As Bea Gaddy delivered her message of volunteerism to students and teachers at Harford Community College last week, you could almost imagine the homeless advocate being played in a movie by Cicely Tyson, Whoopi Goldberg or Tina Turner.
She has been approached by several Hollywood producers, including Barry Levinson and John Waters, to put her life on the big screen, and those are the actresses being discussed to play the Baltimore-based activist.
It's no wonder. Her story is the stuff of legends.
She's been poor and hungry. She's been a single mother. She's been on welfare.
Over the years, Ms. Gaddy has conquered her poverty and founded a food shelter that has expanded into a conglomeration of services for the indigent.
She's often been referred to as the "Mother Teresa of Baltimore."
"All of the hurts can make you grow," Ms. Gaddy said to her audience of about 70 Tuesday.
Energetically pacing across a campus theater stage -- "I won't stand behind the podium because I'm too short" -- she's funny, dramatic, focused and earnest.
She urged the group to "treat people like you want to be treated."
"You don't know what minute or hour you might fall," she warned.
"Give your brain a chance, and you can be doing anything you want," she encouraged students.
Dressed in a fashionable navy suit with gold accessories, Ms. Gaddy presents a different picture today than she did when she arrived in Baltimore in 1964 with no shoes and five children.
But don't think for a minute she doesn't remember her past.
Before she came on stage, she took money out of her purse and tucked it into her blouse for safekeeping.
Years of poverty have made her cautious, but her faith keeps her going.
"I prayed to God," she told one person, who asked her how she changed her life.
She was also resilient. She talked about dragging a trash can to a neighborhood grocery store and asking for the food the storekeeper was going to throw out.
Ms. Gaddy did that three times that day, filling the container and feeding hungry people at the little rowhouse at 140 N. Collington Ave. that now serves as the Patterson Park Emergency Food Center.
Although she feeds and houses the needy yearlong, her most widelyknown effort is the annual Thanksgiving dinner.
Her first holiday meal served 39 in 1981. Last year, her efforts fed nearly 20,000.
Several times, she encouraged the audience to become involved. "I challenge all of you to visit us," she said. "My job is to teach the haves how to help."
L It's a message that has been heard -- and heeded -- by many.
Today, Ms. Gaddy's 3,000 volunteers will gather in Baltimore to be honored for their work -- and also to celebrate their leader's 61st birthday.
Ms. Gaddy's secretary, Mike Brockington, knows just how persuasive his boss can be. "I've been with her 11 years, and she's worked me to death," he said, half-jokingly.
Several members of the audience came under Ms. Gaddy's spell. Scott Calkins, president of the college's student government association, offered his organization's help.
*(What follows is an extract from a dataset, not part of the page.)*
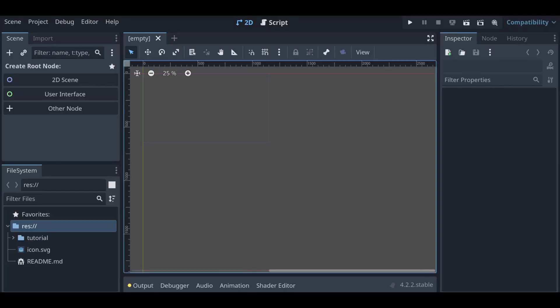Hi everyone, this is Hans from Tundra Feed and Supply Company and today we're going to be looking at how to use and create signals in Godot 4. Alright, let's jump in.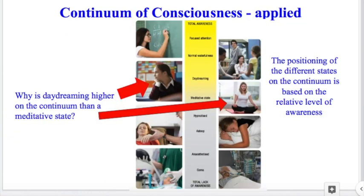This brings us to the continuum of consciousness, which simply places different states of consciousness on a continuum based on the relative level of awareness — which goes back to the definition — a relative level of awareness of the external environment and internal factors, and our awareness of our own existence.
And student Angel Coffin-Bero asked simply, "How do I do it?"
Ms. Gaddy tells prospective volunteers to call her office to receive a volunteer profile form.
She doesn't take chances with her helpers, she said. "What if they have a criminal record or are a child molester or have a contagious illness?"
But there was no doubt that Ms. Gaddy would always be there to help those in trouble.
She was quite serious when she told the audience: "If you ever need me, call me."